Turning Drug Discovery Upside Down
Sourav Bandyopadhyay, PhD, is hot on the trail of these connections between the emerging science of cancer genetics and applications in clinical medicine.
“Right now you can sequence a patient’s tumor and find the cancer-causing mutations for just a few thousand dollars,” says Bandyopadhyay, associate professor of Bioengineering and Therapeutic Sciences in the UCSF School of Pharmacy. “But if you can’t link those mutations to an effective drug, that knowledge doesn’t do the patient any good.”
Despite all our genetic knowledge, 95 percent of patients still wind up getting treated with the blunt instruments of chemotherapy or radiation. In other words, says Bandyopadhyay, we’re only 5 percent of the way to the promise of personalized cancer therapy.
Bandyopadhyay hopes to change that by taking the standard drug discovery pipeline and turning it upside down. “Instead of identifying unique mutations in a subset of cancer patients and searching for drugs that target these pathways, we start with the drugs we have and look for the mutations they’re effective against,” he said.

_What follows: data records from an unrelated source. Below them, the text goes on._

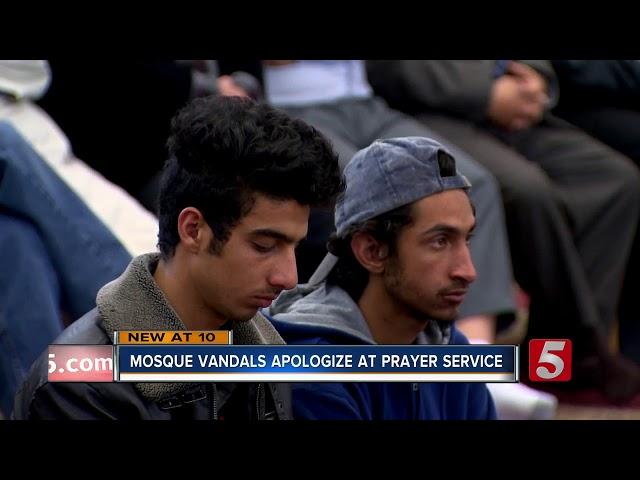 Accused Mosque Vandals Apologize to Congregation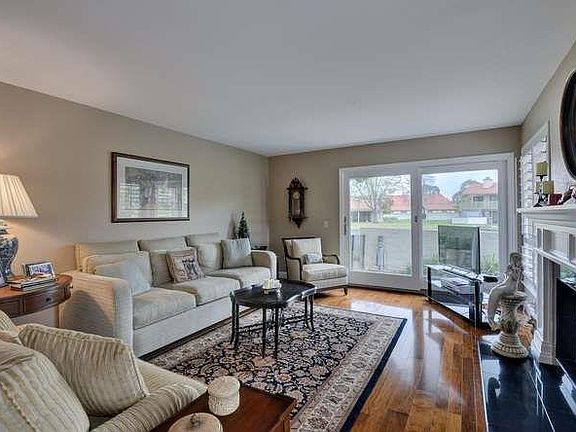 4th image of 8427 Beaujolais Ct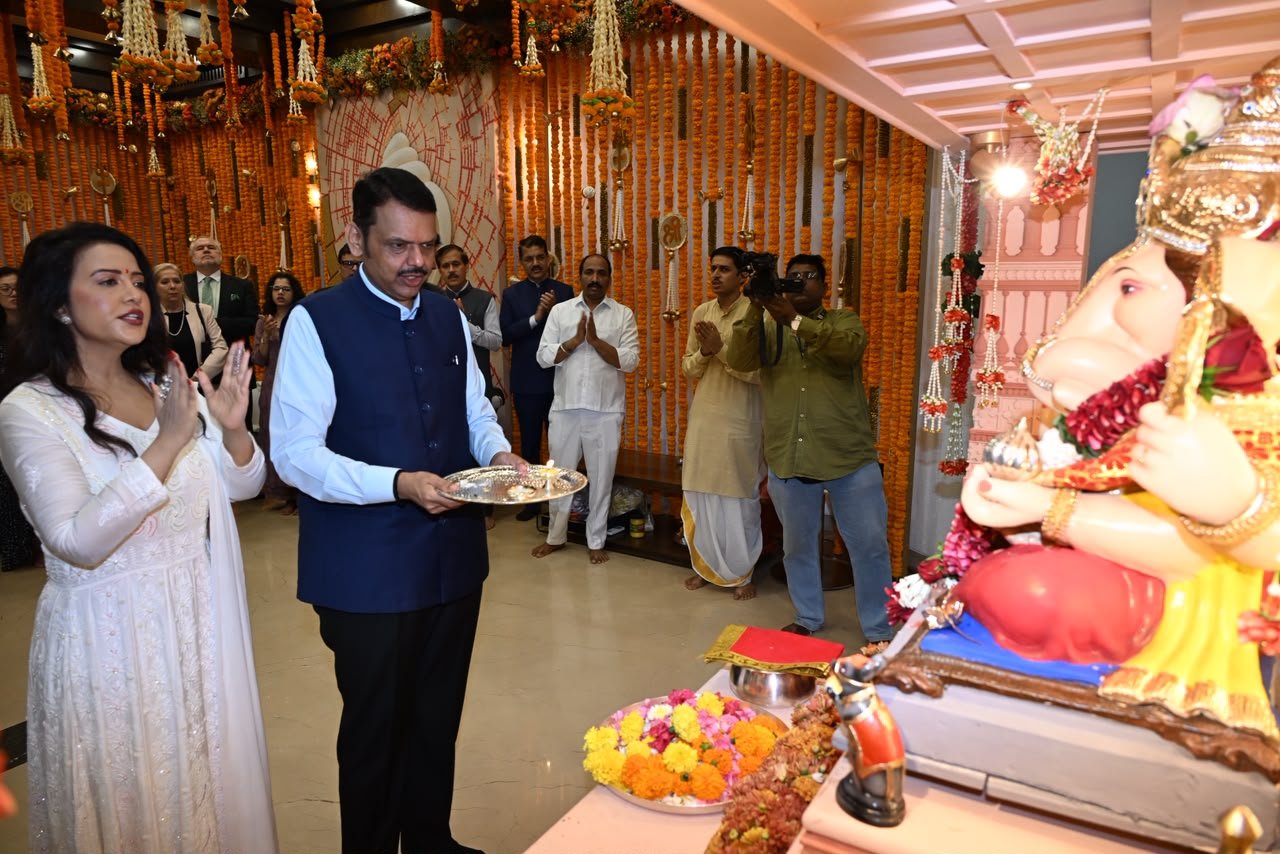 Consuls General of Various Countries Seek Blessings of Lord Ganesha at Varsha Bungalow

Using powerful computing algorithms, his research group has developed a systematic approach to quickly screen existing cancer drugs to test their effectiveness against dozens of different cancer gene variants. As reported last year in the journal Cancer Discovery, his group already has found a number of promising drug candidates using this approach, some completely unexpected, that they hope to move into clinical trials.

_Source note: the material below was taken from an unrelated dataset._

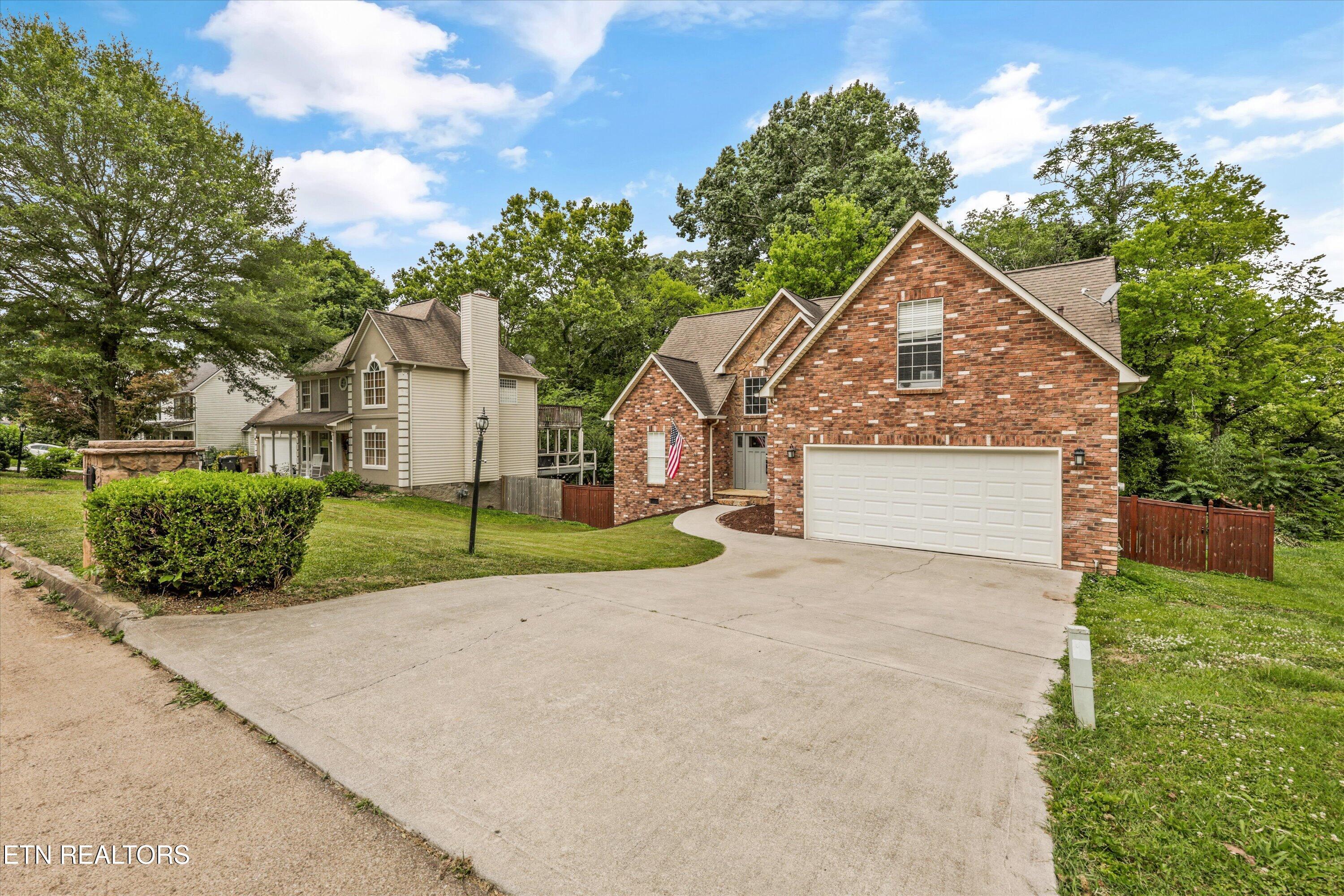 2145 Willow Creek Lane Knoxville TN 37909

Connecting Computation to the Clinic
The next step is integrating these findings with practicing clinicians through collaborations like UCSF’s Molecular Tumor Board, which is part of the UCSF Helen Diller Family Comprehensive Cancer Center Molecular Oncology Initiative. It was set up in June 2014 to bring together practicing oncologists, researchers studying cancer biology, pathologists, genetic counselors, and other experts into one room to share their knowledge on real-time cancer cases at UCSF Medical Center.
“Our key mission is to use the combined experience and intelligence of many people across UCSF to improve the algorithms our physicians use to turn genomic findings into clinical recommendations for individual patients,” says the board’s chair, Michael Korn, MD, an oncologist in the UCSF School of Medicine and leader of the Cancer Center’s Molecular Oncology Initiative.
UCSF’s new approach is part of a growing national trend – by some estimates there are now 30 molecular tumor boards around the country. And like everything in medicine, there has been a steep learning curve when it comes to applying the insights made possible by these gatherings of experts to individual patients in real time.
The UCSF Molecular Tumor Board takes advantage of its close collaboration with the UCSF Clinical Cancer Genomics Laboratory (CCGL), led by Boris Bastian, MD. His laboratory provides the UCSF500 gene panel assay, a cutting-edge sequencing test that, in contrast with commercial products, tests tumor DNA and the patient’s germline (inherited) DNA.
“Through the seamless interaction of the molecular tumor board and the CCGL, we are paving the road to delivering a new concept in cancer treatment to our patients,” says Korn. “Already patients at UCSF are benefiting. Since the Board began its work and the UCSF500 became available, we were able to help physicians to make the correct diagnosis for their patient and to deliver appropriate treatments. Several patients achieved dramatic responses as a result of treatments tailored to their diseases’ molecular profile and test results provide a rationale for enrolling patients into clinical trials. In addition, we were able to detect mutations in patient’s germline – these findings are not only benefitting the affected patient but their entire family.”
“We are on a very promising path that will greatly influence how we diagnose and treat cancer here,” Korn says.